Esperaban el resultado del recuento recostados en simbólicos fusiles de madera que utilizaban como reposabrazos mientras un quejido que parecía el preludio de un terremoto inmenso indicaba, sin ningún atisbo de duda, que la sociedad mexicana comenzaba a fracturarse. Que el ruido que escuchábamos en nuestro interior era el del mineral más derretido del cuerpo de México, el más íntimo: y que se estaba partiendo en dos bandos que desde entonces no han logrado ponerse de acuerdo. Dos bandos que arrastraban su cansancio y su impotencia desde años atrás y que estaban claramente diferenciados:

unos querían justicia, otros perpetuidad.

Unos interpelaban, otros se resistían.

Éramos todos, pero parecíamos muchos distintos. Y el país quedó estructuralmente roto. Como si México fuéramos en verdad dos países.
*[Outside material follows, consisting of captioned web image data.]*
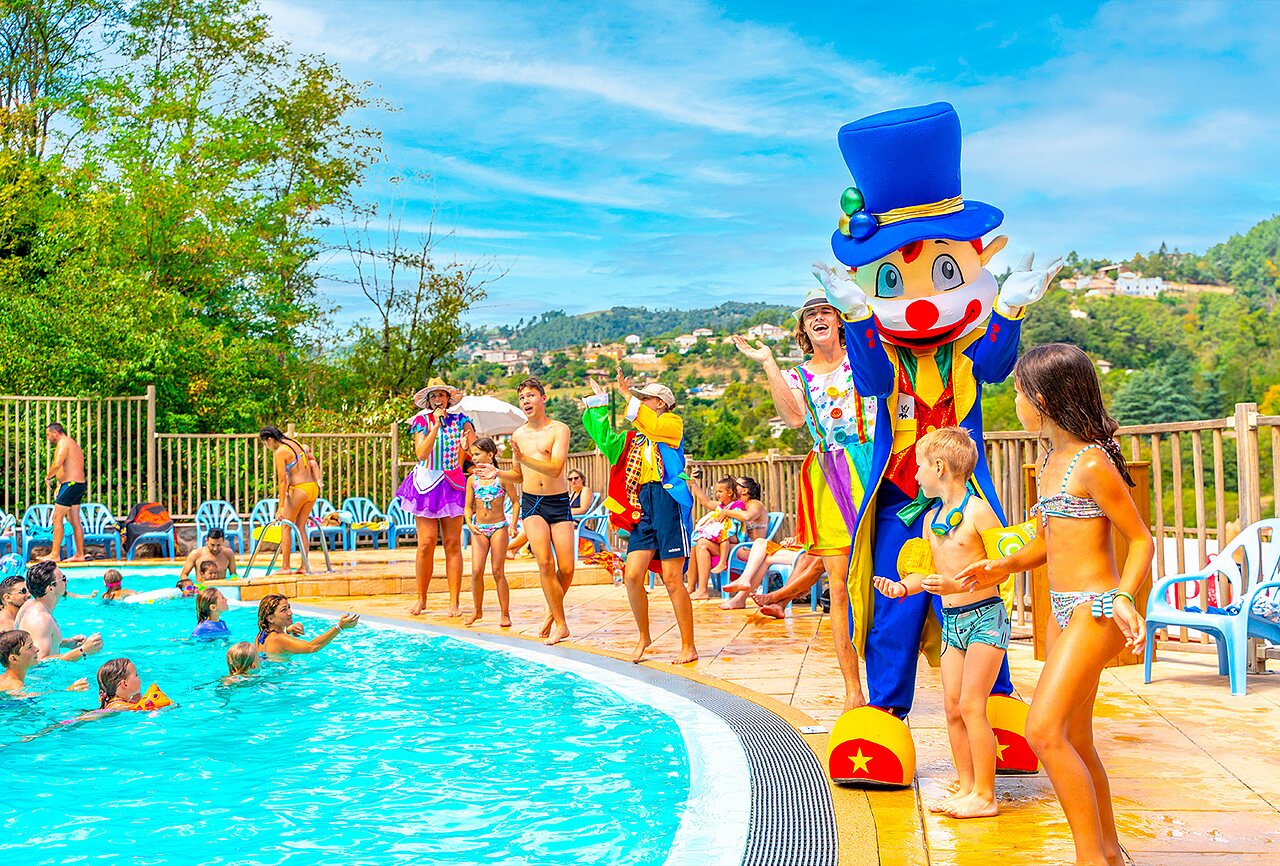 Piscina exterior con animaciones y mascota en el camping CAPFUN Plantas en SAINT VINCENT DE DURFORT (07).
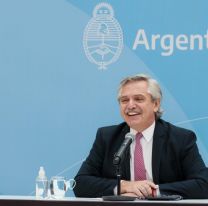 Alberto Fern&aacute;ndez fue escrachado en Miramar: "Chorro" le gritaban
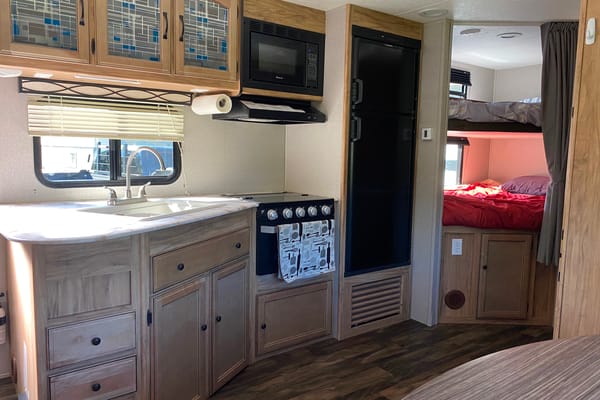 Kristen and Mike’s Coachmen 257 freedom express Travel Trailer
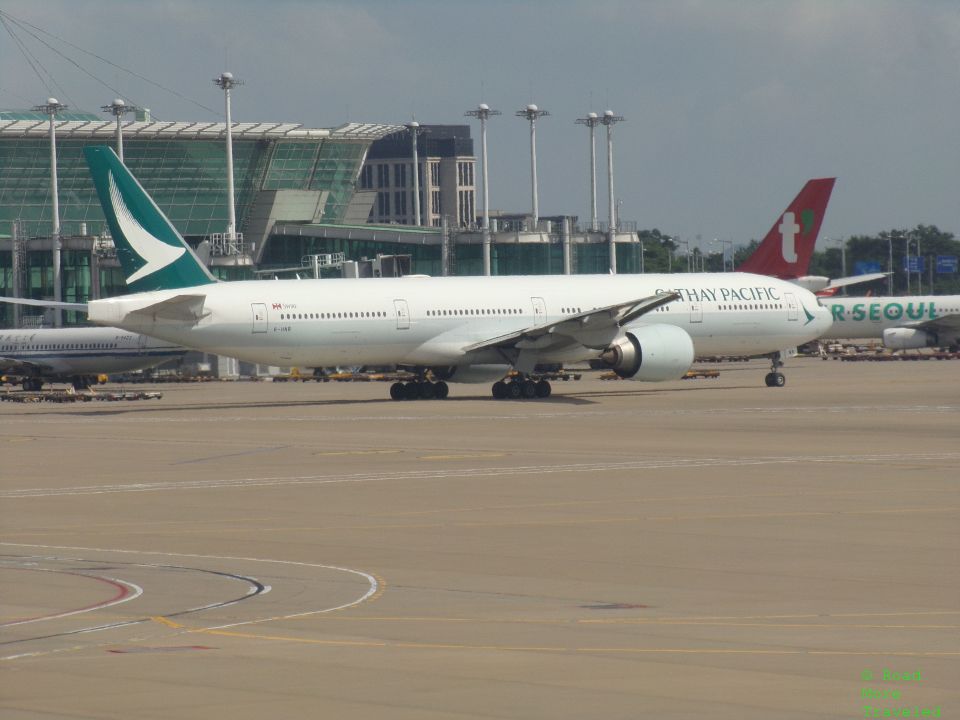CX 77W at ICN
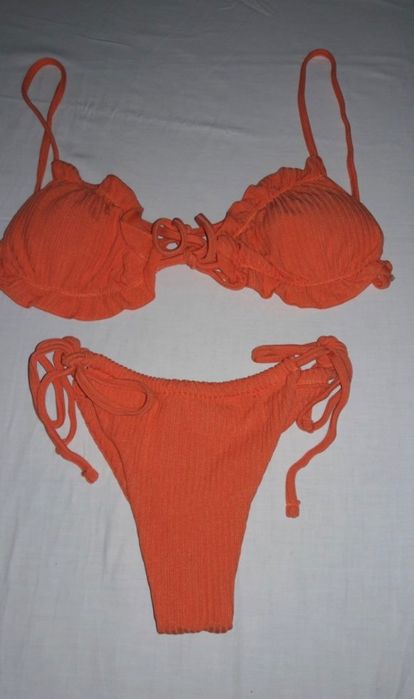 Costum de baie portocaliu nou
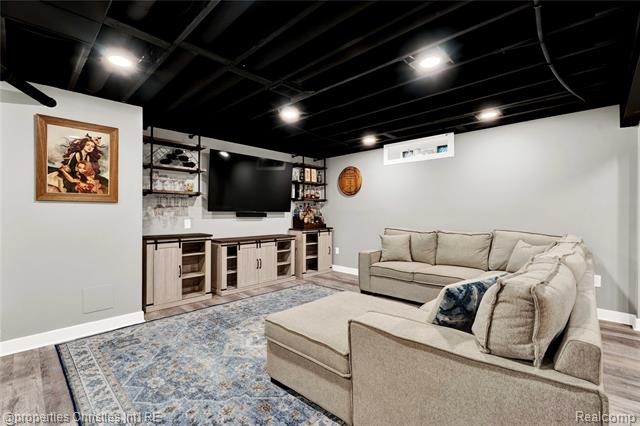 Builiding view twenty eight for 2320 Hamata, Ferndale, MI. 48220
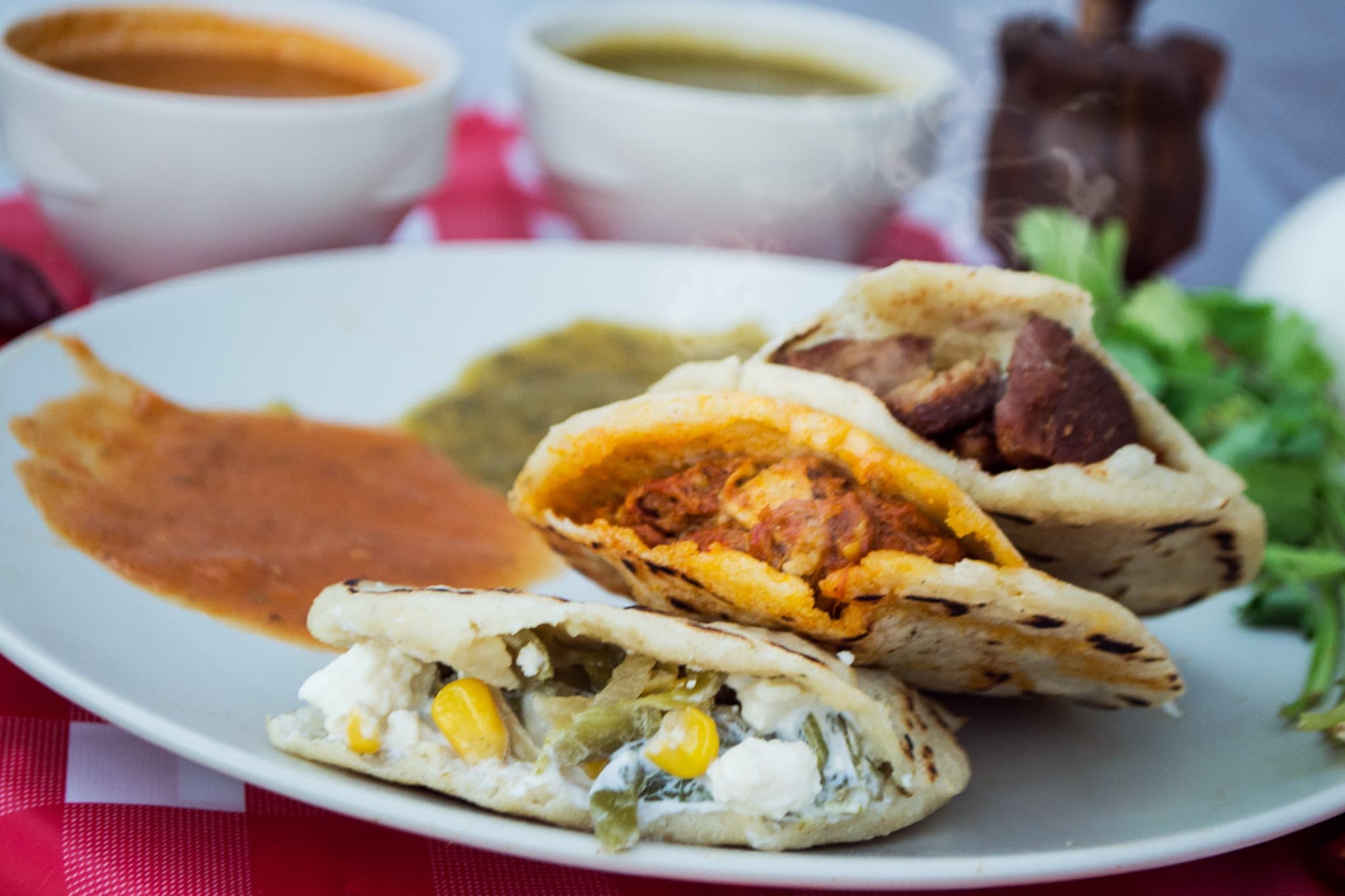 Gordita de Rajas con Queso *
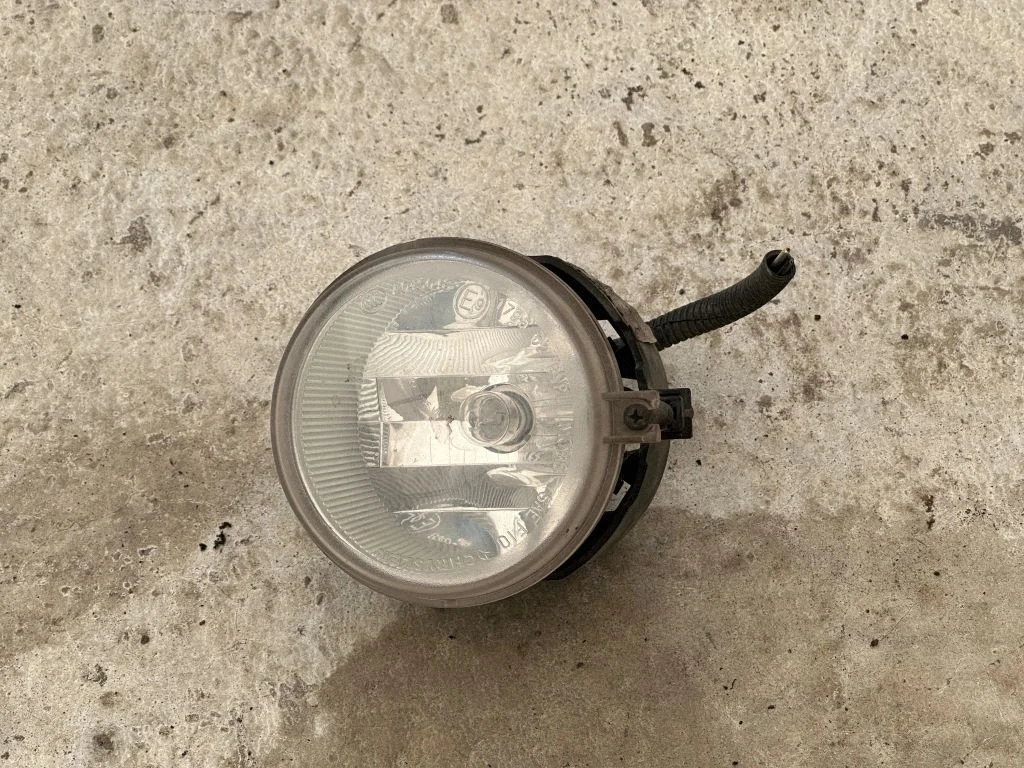 Front fog light – Chrysler Grand Voyager V (2007-2015)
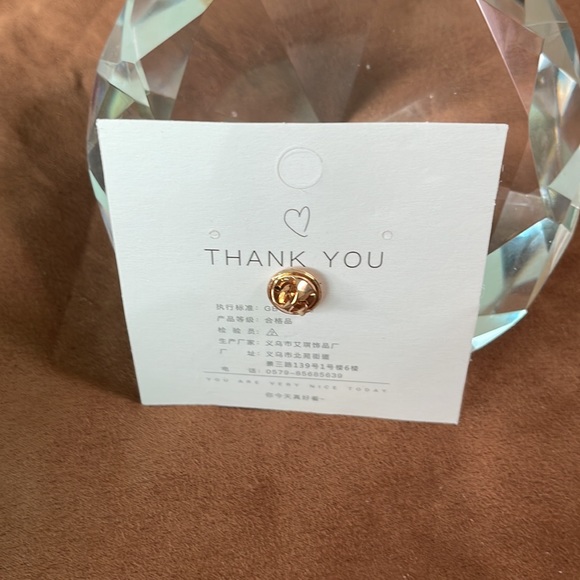 Girl with white beaded jump rope enamel pin - Picture 4 of 5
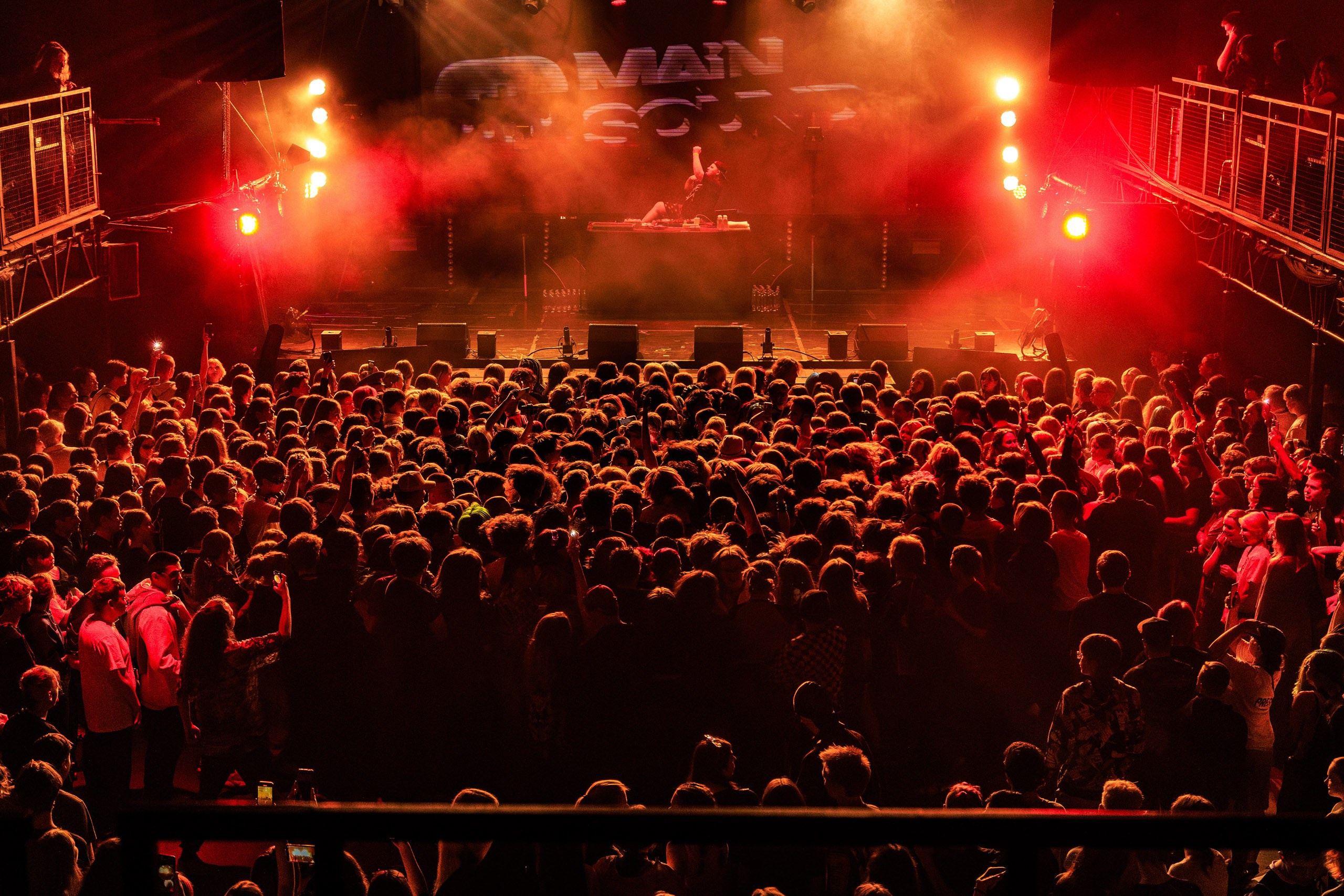 26.07.25 LIDA. Репортажный фотограф Екатеринбург | Яркий, качественный репортаж | Концерты, клубы, репортаж, праздники, корпоративы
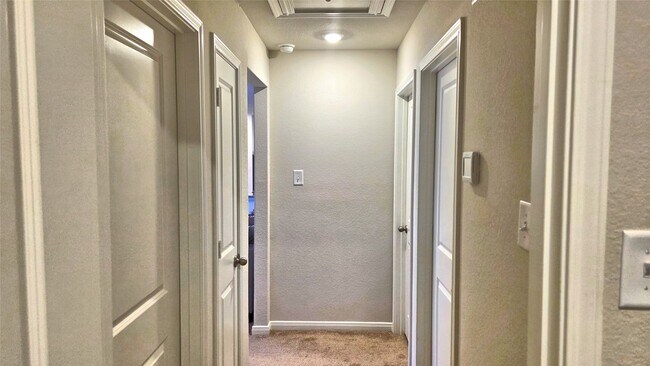 Building Photo - 16351 Sweet Grv Dr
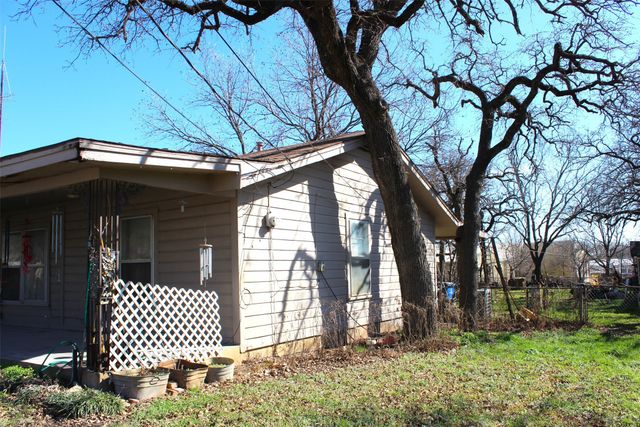 403 Mockingbird Lane, Chico, TX 76431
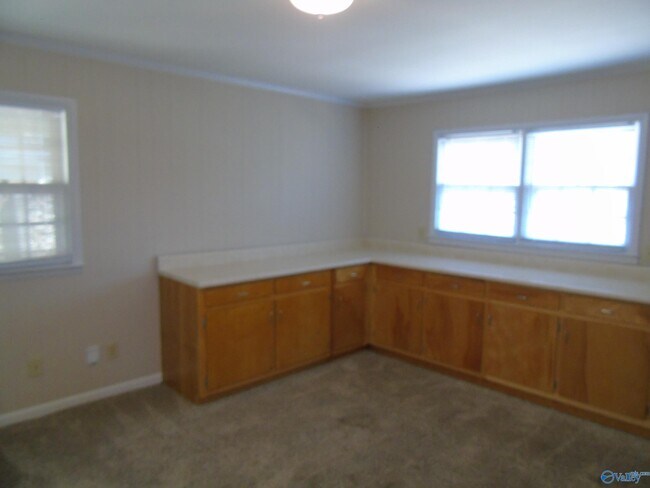 Building Photo - 2213 Maysville Rd NE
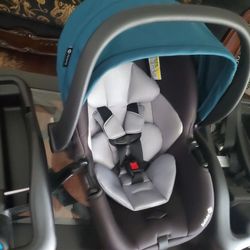 Safety 1st OnBoard Car Seat And Bases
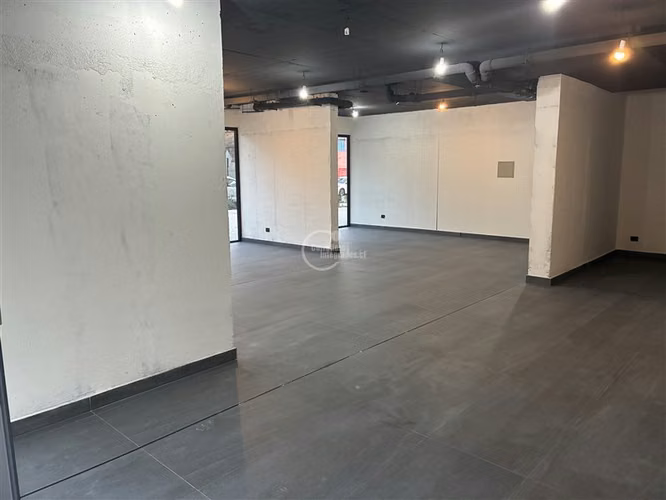 Local Comercial en arriendo en Providencia - Imagen 6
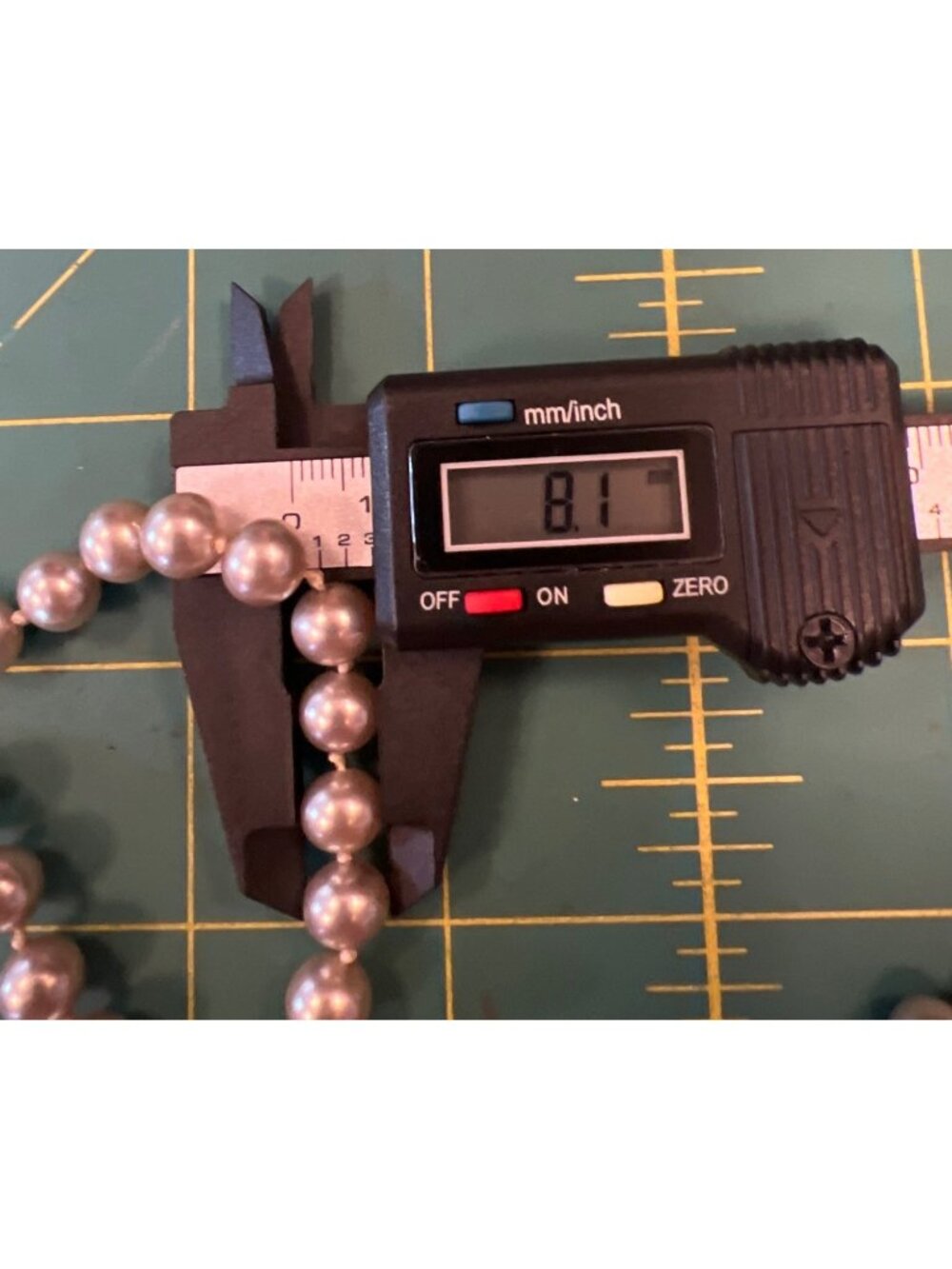 Majorica Simulated Pearl Necklace 30-Inch Strand Silver  Pearls & Red Box VTG - Picture 6 of 11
Y como si nosotros, de nuevo, sólo supiéramos ver las cosas de una única manera, a pesar de que Friedrich Nietzsche nos hubiera advertido que la lógica de la moral "consiste en una alteración de la personalidad, porque considera que lo poderoso y lo fuerte es algo supra humano y en cambio lo débil y lo vulgar es propio del hombre"[1].

Como si el mundo que entre todos hemos construido, inventado, escrito, sólo pudiera ser de una manera.

Y como si nosotros,

usted y yo:

también.

Y entonces terminó el recuento y el Instituto Federal Electoral reconfirmó el triunfo del Partido de Acción Nacional por un 0.58% votos porcentuales: Y Felipe Calderón, con apenas 44 años de edad, asumió la presidencia de México el primero de diciembre del año 2006 con una vertiginosa ceremonia de juramento a la Constitución.

Y caminó hasta el estrado del Congreso de la Nación como si no comprendiera donde se encontraba, torpemente erguido, literalmente rodeado por seguidores de su partido que gritaban pre-si-den-te, pre-si-den-te, también un poco como si flotaran, mientras otros diputados inconformes con el recuento empujaban a los nuevos legisladores para sacarlos de alrededor del púlpito y de lejos se escuchaban los gritos, los cantos, los aullidos de los diputados de izquierda que argumentaban que aquello era una farsa.

Que México era un espectáculo, una instalación, una mentira.

Y que afuera del congreso había millones de personas llorando.

Y sin embargo, en apenas

4
cuatro minutos

Felipe Calderón alzó la voz para tratar de ser escuchado sin autoridad suficiente para imponerse, probablemente absorto, sin ninguna posibilidad de que todo aquello le pareciera real en tantísimo poco tiempo, e hizo su juramento: “Protesto guardar y hacer guardar la Constitución Política de los Estados Unidos Mexicanos y las leyes que de ellas emanen y desempeñar leal y patrióticamente el cargo de Presidente de la República que el pueblo me ha conferido, mirando en todo por el bien y la prosperidad de la unión y si así no lo hiciere, que la nación me lo demande.”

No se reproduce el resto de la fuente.